# 2.1] What is nonlinear?

## Description

This article is from the Nonlinear Science FAQ, by James D. Meiss jdm@boulder.colorado.edu with numerous contributions by
others.

# 2.1] What is nonlinear?

In geometry, linearity refers to Euclidean objects: lines, planes, (flat)

three-dimensional space, etc.--these objects appear the same no matter how we

examine them. A nonlinear object, a sphere for example, looks different on

different scales--when looked at closely enough it looks like a plane, and

from a far enough distance it looks like a point.

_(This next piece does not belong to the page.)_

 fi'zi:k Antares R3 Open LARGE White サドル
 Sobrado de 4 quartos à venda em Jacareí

In algebra, we define linearity in terms of functions that have the property

f(x+y) = f(x)+f(y) and f(ax) = af(x). Nonlinear is defined as the negation of

linear. This means that the result f may be out of proportion to the input x

or y. The result may be more than linear, as when a diode begins to pass

current; or less than linear, as when finite resources limit Malthusian

population growth. Thus the fundamental simplifying tools of linear analysis

are no longer available: for example, for a linear system, if we have two

zeros, f(x) = 0 and f(y) = 0, then we automatically have a third zero f(x+y) =

0 (in fact there are infinitely many zeros as well, since linearity implies

that f(ax+by) = 0 for any a and b). This is called the principle of

superposition--it gives many solutions from a few. For nonlinear systems, each

solution must be fought for (generally) with unvarying ardor!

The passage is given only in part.